The publication bias of the primary outcomes was assessed using visual examination of funnel plots (40) and the Egger weighted regression statistic (P = 0.671, 0.863, and 0.514 for mean difference of BMD change at lumbar spine, total hip, and femoral neck, respectively); no significant publication bias was indicated. Trim-and-fill results suggested only zero to three missing studies were needed to achieve a symmetrical funnel plot.
Discussion
Main findings
This meta-analysis of head-to-head trials provided evidence of direct comparison between denosumab and bisphosphonates in treatment of low BMD or osteoporosis. Our study provides moderately strong evidence (41) that denosumab is more effective in increasing BMD at lumbar spine, total hip, and femoral neck than are bisphosphonates at 12 and 24 months. However, fracture risk reductions were similar at 12 months. Only one study reported denosumab to have lower osteoporotic fracture incidence than that of alendronate at 24 months. Safety profiles between denosumab and bisphosphonates were similar.
Clinical meaning
The association between BMD increase and fracture risk reduction related to use of antiresorptive agents is very important for osteoporosis treatment initiation and monitoring. In our study, the difference in the 12-month BMD increase between denosumab and bisphosphonate was 1.42% at spine, 1.11% at total hip, and 1.00% at femoral neck. Although these numbers appear small, such differences would translate into clinically important fracture differences if observed in large-enough populations. BMD change, especially hip BMD, is the most important surrogate for evaluation of therapeutic response (42). According to a recent meta-analysis using individual patient data from 21 randomized, placebo-controlled osteoporosis trials of >83,395 subjects, changes in total hip and femoral neck BMD over 2 years explained 60% to 65% of the treatment-related reduction in fracture risk (42). More specifically, for patients who received antiresorptive agents, a treatment-related 6% increase of lumbar spine BMD at 1 year was associated with a 39% reduction in nonvertebral fracture risk, and a 3% increase of hip BMD was associated with a 46% reduction in nonvertebral fracture risk (43). In our study, denosumab and bisphosphonate had different BMD increase profiles. A difference of 1.42% at the lumbar spine may not be associated with clinically significant reduction in fracture risk. However, a difference of 1.11% at total hip BMD and a difference of 1.00% at femoral neck would be expected to yield a 15% to 21% fracture risk reduction difference at 12 months, and larger number would be expected for longer treatment duration (≥24 months).

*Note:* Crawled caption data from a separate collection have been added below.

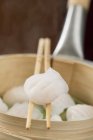 Dim sum on chopsticks in steamer — Stock Photo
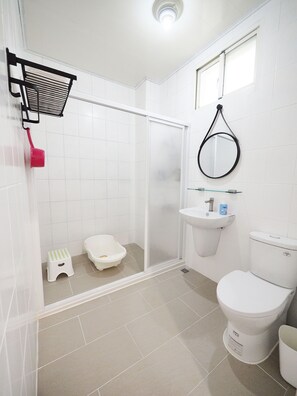 Un baño con ducha, inodoro, lavamanos y un pequeño taburete.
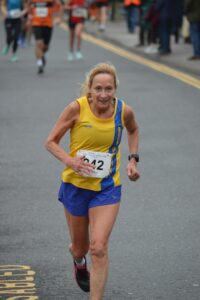 Heather Khoshnevis finishing the Junction Broadstone Quarter Marathon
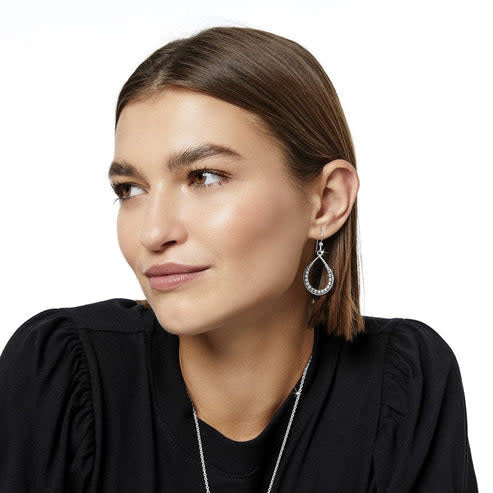 Silver plated teardrop French wire earrings with a 7/8-inch width and 1 3/8-inch drop.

Comparison with previous studies
A network meta-analysis by Mandema et al. (16) showed that denosumab resulted in greater BMD improvement in lumbar spine and total hip from 12 months to 36 months when compared with alendronate and zoledronic acid. The point estimates of spine BMD–improvement difference for denosumab was only 0.4% greater than for zoledronic acid and 0.8% greater than for alendronate at 12 months. In a head-to-head meta-analysis, Wu et al. (17) reported a pooled estimate of BMD improvement difference of 1.55% at lumbar spine, 1.05% at total hip, and 1.06% at femoral neck. In our study, we included three more studies and excluded two studies from the same trial; the point estimates of the BMD improvement difference were similar to those of the Wu et al. study (17): 1.31% at lumbar spine, 1.11% at total hip, and 1.01% at femoral neck. But the inconsistent results between indirect and direct meta-analyses deserve further clarification. Here, we propose a possible explanation from the aspect of denosumab and bisphosphonates mechanisms.

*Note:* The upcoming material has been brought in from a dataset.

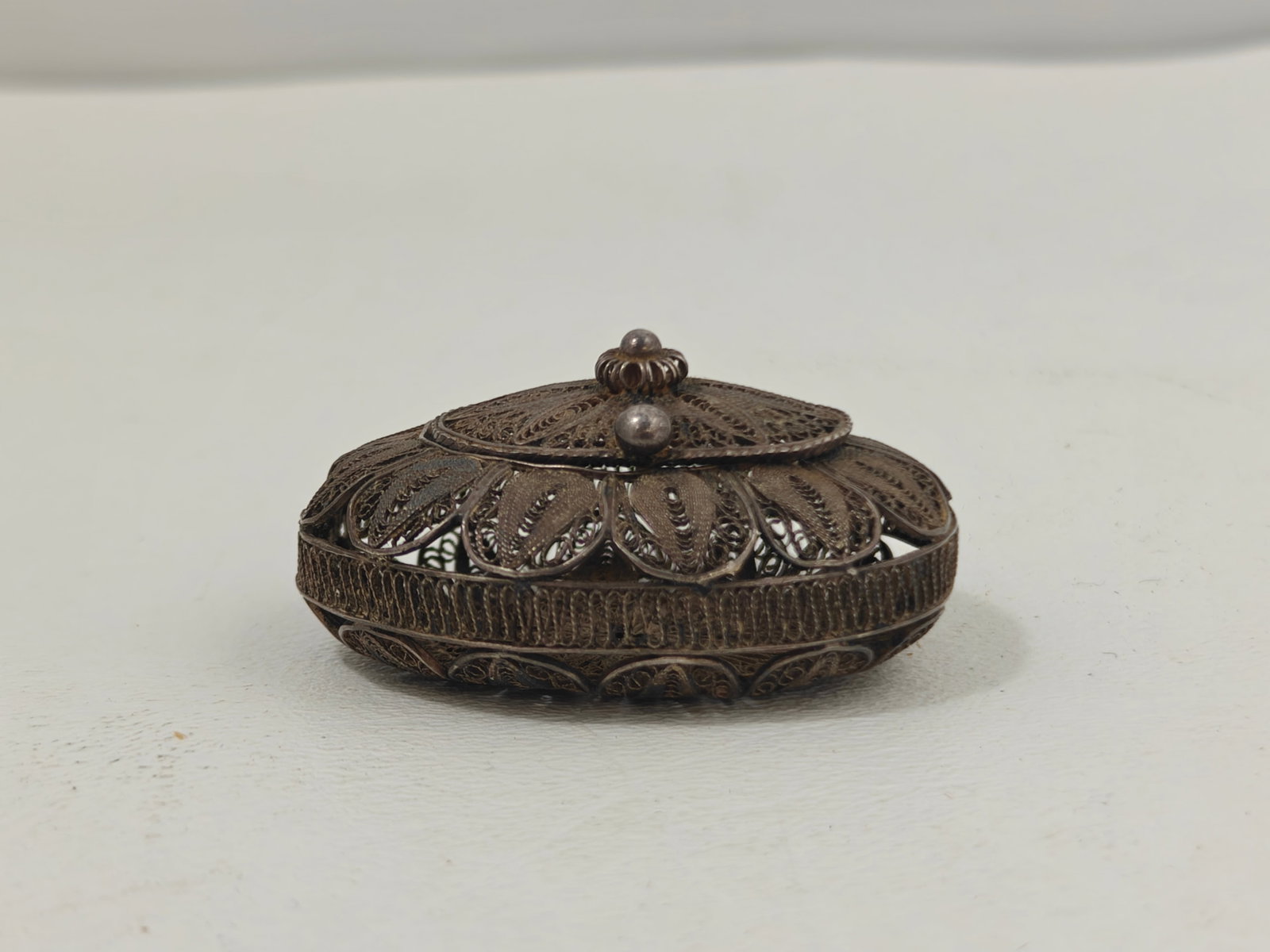 Vintage Sterling Silver Filigree Pill Box: Delicate vintage sterling silver filigree pill box of oval form featuring intricate hand-worked openwork floral and scroll decoration throughout. The hinged lid opens to reveal a small interior compar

Denosumab treatment results in increased BMD progressively, as long as the treatment is continued (44). On the other hand, bisphosphonates have a persistent but not progressive antiresorptive effect; bisphosphonate treatment results in increased BMD over the first few years, but then change in BMD plateaus (35). When comparing the effect of denosumab and bisphosphonates, prior treatment with bisphosphonates attenuates the efficacy of subsequent bisphosphonate treatment. This phenomenon may potentially inflate the efficacy difference between denosumab and bisphosphonates, as noted in our exploratory subgroup analysis performed by grouping patients with and without prior bisphosphonate therapy. In our current meta-analysis, the point estimates of BMD improvement difference in treatment-naïve patients was 0.83% at spine, 0.93% at total hip, and 0.83% at femoral neck, which may reflect the true efficacy difference.
In patients previously treated with a bisphosphonate, the difference was 1.75% at spine, 1.22% at total hip, and 1.20% at femoral neck. The larger efficacy difference in the latter subgroup may help us make clinical decisions regarding the sequential use of osteoporosis medication. In clinical practice, the most commonly used antiosteoporosis medication is bisphosphonates. When treatment with the first bisphosphonate is ineffective (e.g., due to unsatisfactory response or fractures), a different medication should be considered. Results of this study suggest that, in patients treated with a prior bisphosphonate, switching to denosumab would result in greater BMD increase than would switching to another bisphosphonate.
Current evidence on the difference in fracture risk reduction between denosumab and bisphosphonates is still limited. A previous network meta-analysis (14) reported that denosumab was more effective than bisphosphonates in preventing new vertebral fractures (RR, 0.62; 95% CI, 0.44 to 0.87) but not in preventing nonvertebral fracture, hip fracture, or wrist fracture. Only one trial reported that denosumab was more effective than alendronate in preventing osteoporotic fractures at 24 months (RR, 0.51; 95% CI, 0.27 to 0.97) (28). A recent observational data analysis showed denosumab was associated with a 23% lower risk of vertebral fracture than was alendronate (HR, 0.77; 95% CI, 0.57 to 1.03) (45). As there is only one RCT demonstrating greater osteoporotic fracture reduction using denosumab (28), future longitudinal studies with longer follow-up and large sample size are needed to confirm the efficacy difference.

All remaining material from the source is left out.